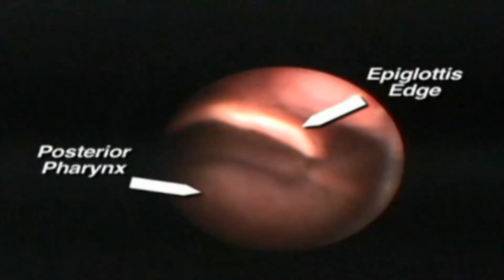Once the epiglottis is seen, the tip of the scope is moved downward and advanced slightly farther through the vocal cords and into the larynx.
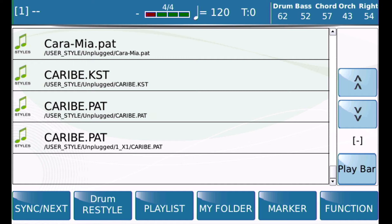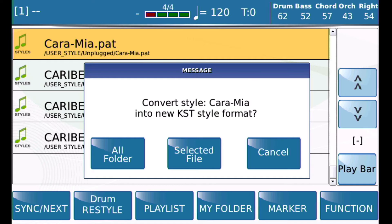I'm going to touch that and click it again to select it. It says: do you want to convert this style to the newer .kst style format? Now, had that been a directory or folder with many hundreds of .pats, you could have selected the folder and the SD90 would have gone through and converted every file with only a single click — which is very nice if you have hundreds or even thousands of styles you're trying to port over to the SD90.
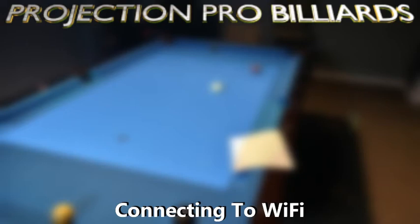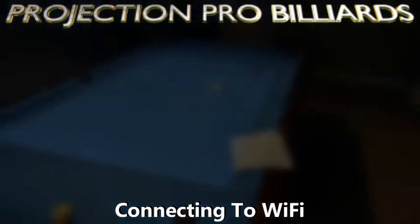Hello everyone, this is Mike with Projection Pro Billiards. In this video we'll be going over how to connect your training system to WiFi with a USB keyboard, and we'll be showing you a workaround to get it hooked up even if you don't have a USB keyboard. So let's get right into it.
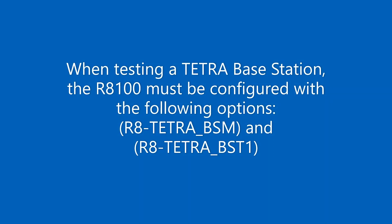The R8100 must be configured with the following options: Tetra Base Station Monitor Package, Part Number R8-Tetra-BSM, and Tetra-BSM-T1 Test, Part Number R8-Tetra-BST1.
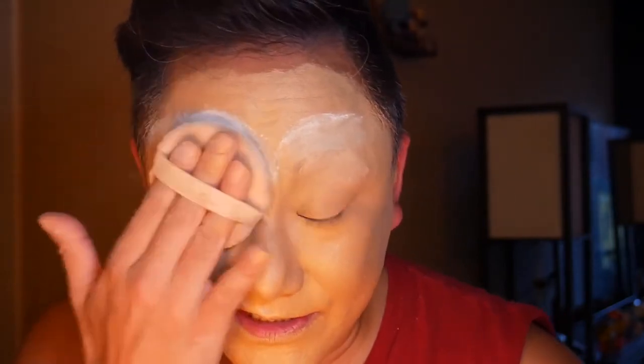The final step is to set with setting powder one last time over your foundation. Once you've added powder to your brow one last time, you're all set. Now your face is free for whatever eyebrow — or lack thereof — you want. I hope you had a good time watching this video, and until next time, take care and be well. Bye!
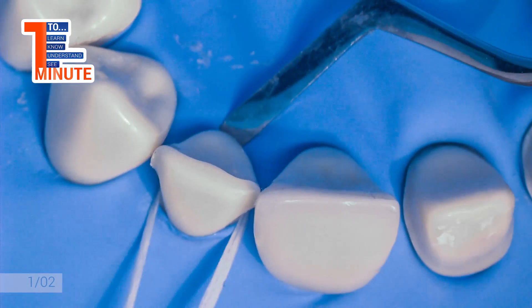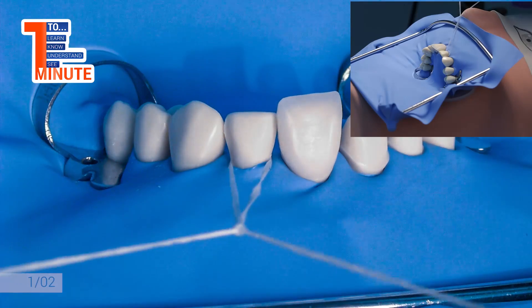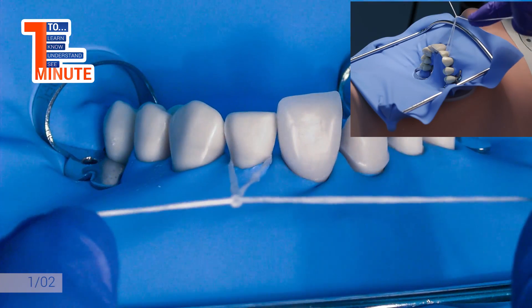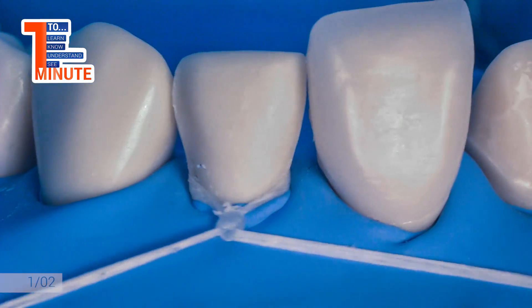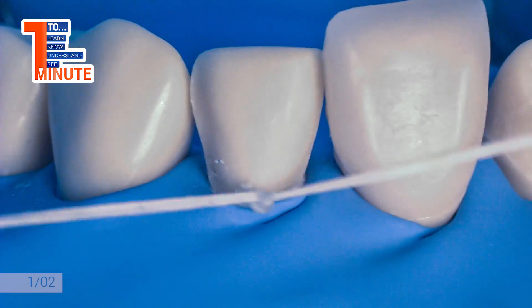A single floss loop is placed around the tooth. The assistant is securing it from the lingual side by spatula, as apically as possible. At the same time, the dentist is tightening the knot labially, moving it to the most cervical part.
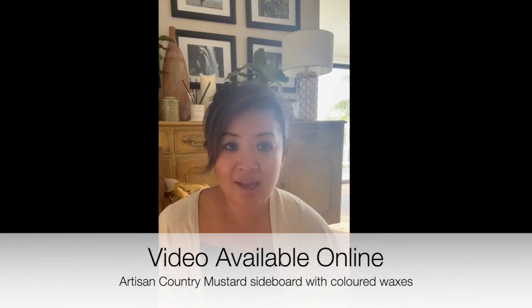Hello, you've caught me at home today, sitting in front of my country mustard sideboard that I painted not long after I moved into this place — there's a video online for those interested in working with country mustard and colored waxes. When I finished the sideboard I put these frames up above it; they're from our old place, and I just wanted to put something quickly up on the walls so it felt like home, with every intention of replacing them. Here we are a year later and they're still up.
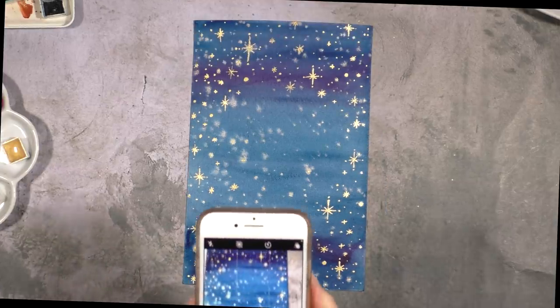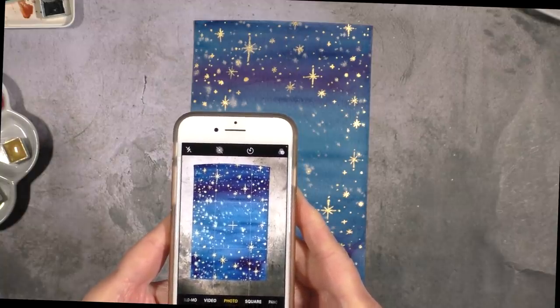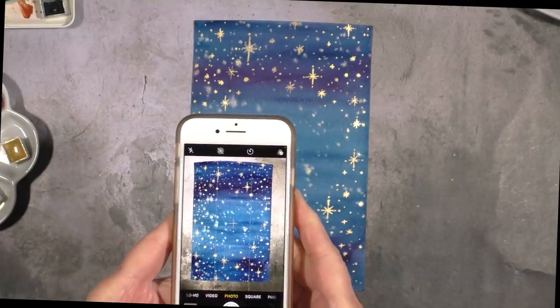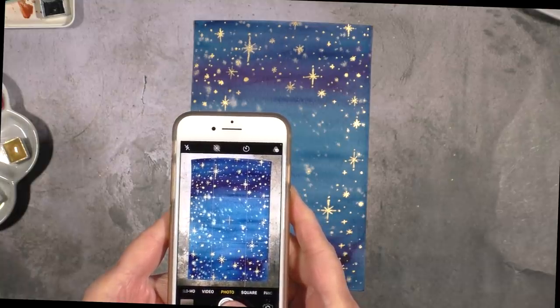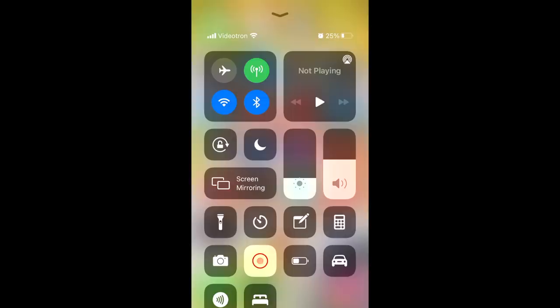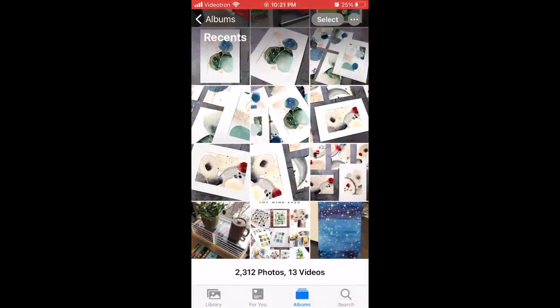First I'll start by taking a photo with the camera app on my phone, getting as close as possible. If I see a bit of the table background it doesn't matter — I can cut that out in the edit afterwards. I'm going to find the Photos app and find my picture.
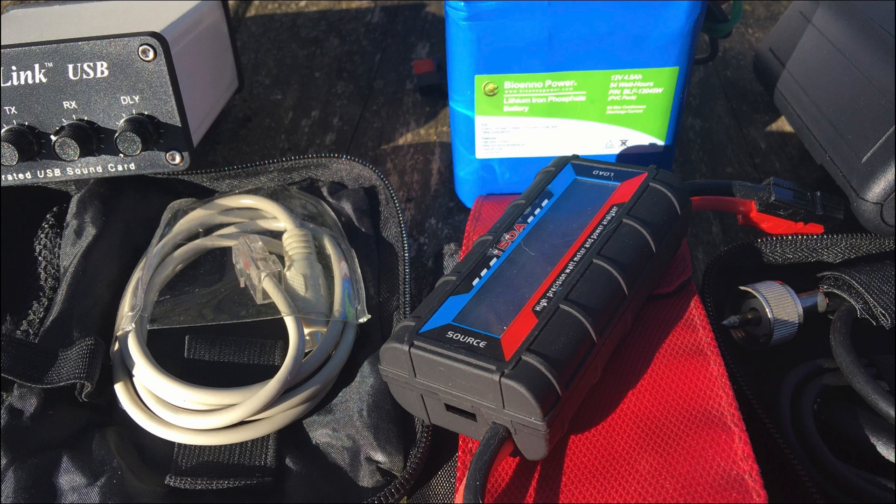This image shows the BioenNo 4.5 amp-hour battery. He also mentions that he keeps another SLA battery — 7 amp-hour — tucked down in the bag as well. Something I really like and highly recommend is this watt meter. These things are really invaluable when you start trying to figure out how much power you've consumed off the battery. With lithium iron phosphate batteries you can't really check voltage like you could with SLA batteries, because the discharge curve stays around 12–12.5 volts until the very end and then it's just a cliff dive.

-*-

How to complete this task:
What you return must match the lines from the top of the data through the line with "A single floss" exactly, with the pictures removed.

Written solution:
Once the epiglottis is seen, the tip of the scope is moved downward and advanced slightly farther through the vocal cords and into the larynx.
I'm going to touch that and click it again to select it. It says: do you want to convert this style to the newer .kst style format? Now, had that been a directory or folder with many hundreds of .pats, you could have selected the folder and the SD90 would have gone through and converted every file with only a single click — which is very nice if you have hundreds or even thousands of styles you're trying to port over to the SD90.
Hello everyone, this is Mike with Projection Pro Billiards. In this video we'll be going over how to connect your training system to WiFi with a USB keyboard, and we'll be showing you a workaround to get it hooked up even if you don't have a USB keyboard. So let's get right into it.
The R8100 must be configured with the following options: Tetra Base Station Monitor Package, Part Number R8-Tetra-BSM, and Tetra-BSM-T1 Test, Part Number R8-Tetra-BST1.
The final step is to set with setting powder one last time over your foundation. Once you've added powder to your brow one last time, you're all set. Now your face is free for whatever eyebrow — or lack thereof — you want. I hope you had a good time watching this video, and until next time, take care and be well. Bye!
A single floss loop is placed around the tooth. The assistant is securing it from the lingual side by spatula, as apically as possible. At the same time, the dentist is tightening the knot labially, moving it to the most cervical part.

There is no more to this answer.